As I write, I'm in the process of trying to load over 100 million rows into an instance (at 27mil presently). So far, it performs startlingly well in some areas (aggregates), but is oddly sluggish in others (most joins I've tried so far); that said, I've not yet run the recommended sampling process yet and I'm forcing it to live in just a single service with 32GB RAM.
I've found a few little glitches and one thing that caused a full service crash (obscure and reported), but I'm thinking that for many applications MonetDB could be just the ticket. Columnar storage (rather than NoSQL) seems to be the future IMO.
I'll update this if I find anything particularly interesting.
MonetDB is first and for all a research system, but has progressed far beyond the level of the average research prototype. It is the (only) relational column-store platform in open source that I know of that supports full SQL. I have used it myself at CWI in many research projects that are not core DB research, but do need advanced DB technology.

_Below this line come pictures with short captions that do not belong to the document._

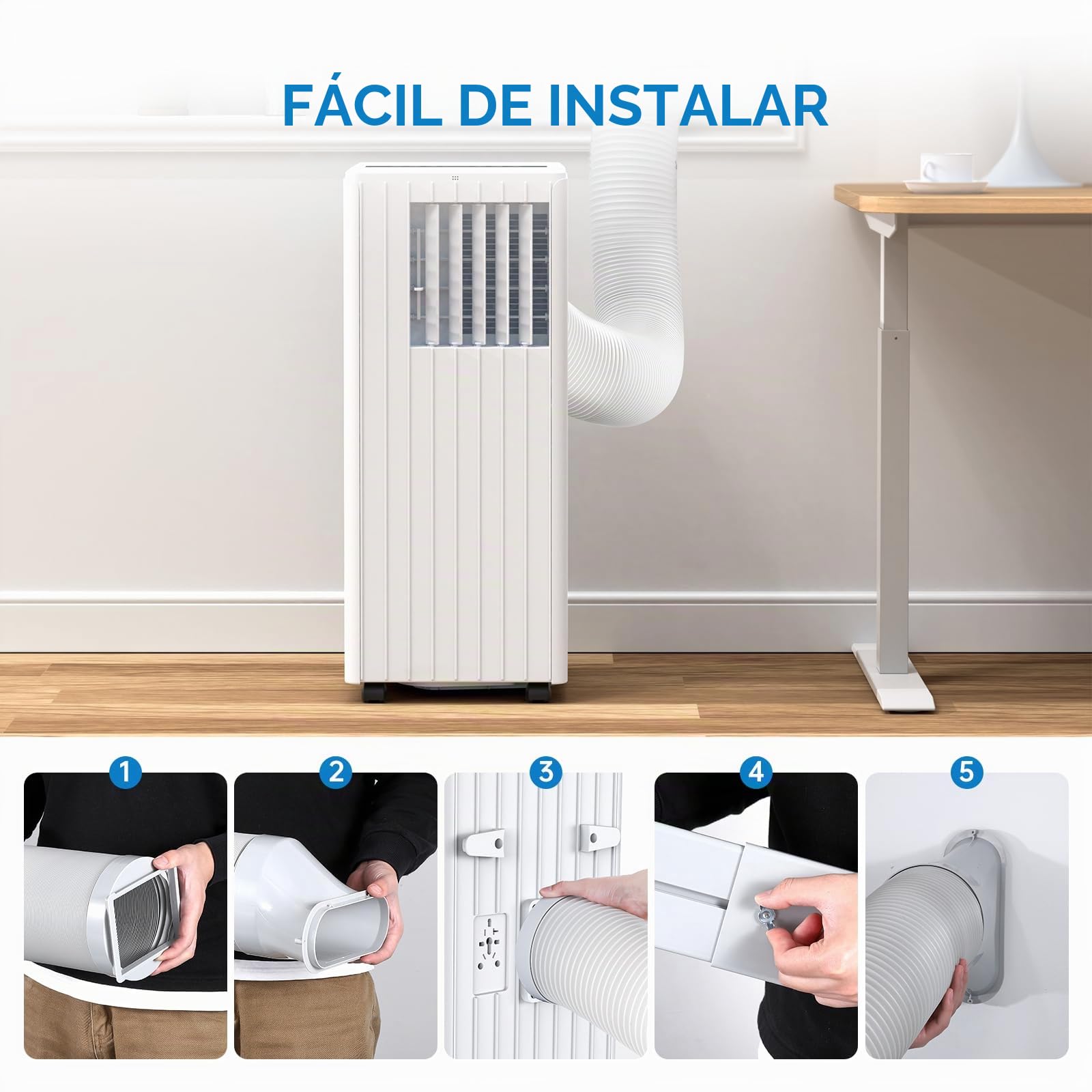 Garvee Aire Acondicionado Portátil 9000 BTU 3 en 1, Climatizador Refrigeración Ventilador Deshumidificador 35L/día, Bajo Consumo Modo Sueño Temporizador 24H, Mando a Distancia y Kit Ventana, Blanco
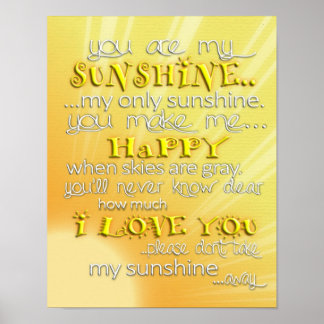 Poster Vous êtes mon Sunshine Wall Art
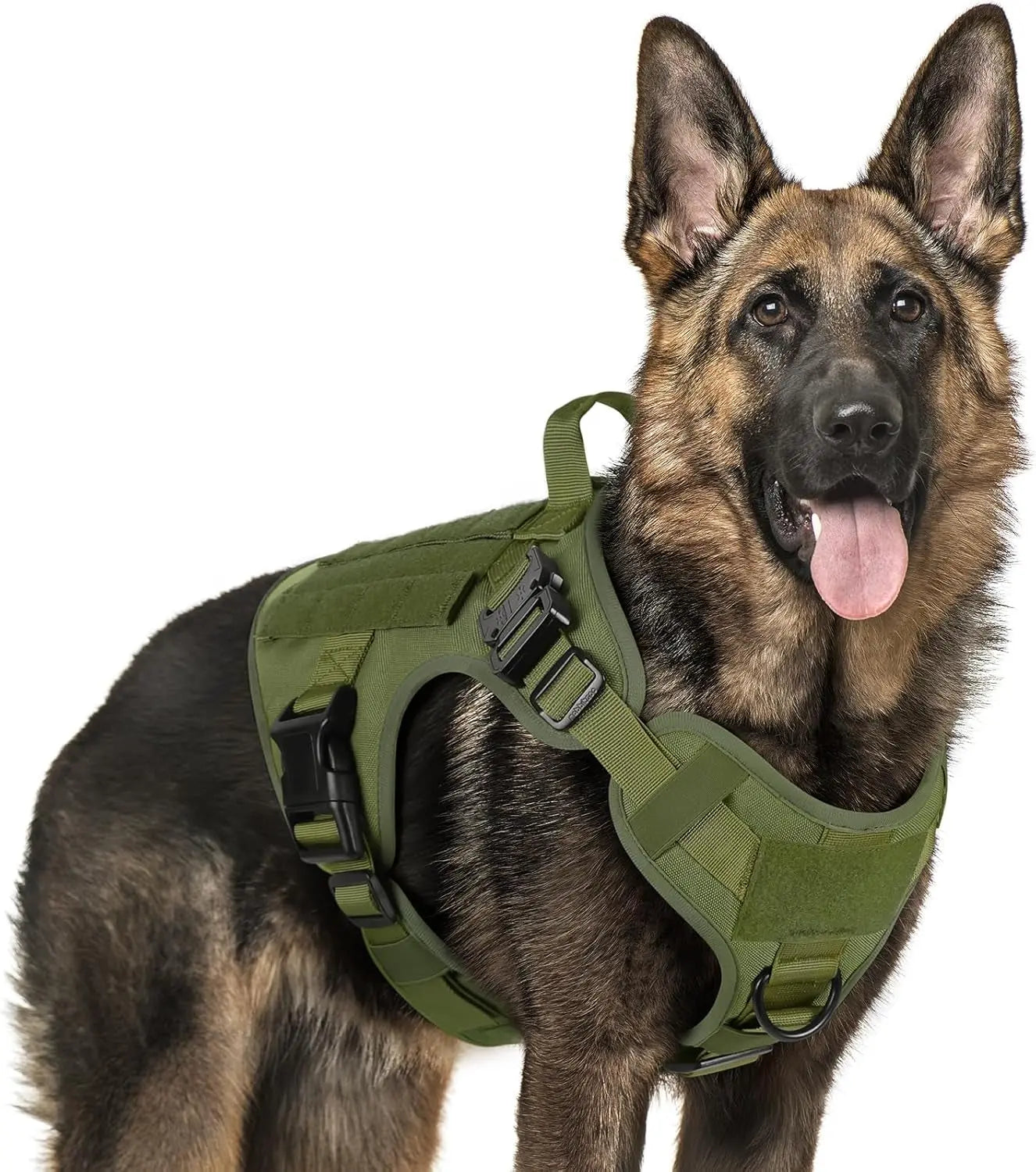 Tactical Dog Harness No Pull Heavy Duty Military Vest Large Adjustable Green X-Large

You can see on the user's mailing list that deployments happen in many different organisations. As Roberto Cornacchia stated in a different answer, it is the backend of all Spinque deployments and we are happy MonetDB users. MonetDB is also used at a variety of non-profit projects like open streetmap and open kvk.
More and more commercial parties deploy MonetDB for analytics. (They do not always like to advertise that their analyses depend on an open source system.) Recently, MonetDB Solutions has started to provide dedicated commercial support for these deployments.
We have been using MonetDB in our business. We analyse very large data sets with many millions of rows. Traditional methods of data warehousing on SQL databases became so slow. The problem we were facing was that the data was only going to get bigger! The only way forward was to go columnar.
The results have been amazing. When you have very few joins it is staggeringly quick. Even with joins on the data sets we are looking at it is still frightening how fast it comes back.
Having seen some of the commercial partnerships I think MonetDB is going to boom over the next few years. I believe some of the major BI suppliers are using Monet under their hood to perform the large data work.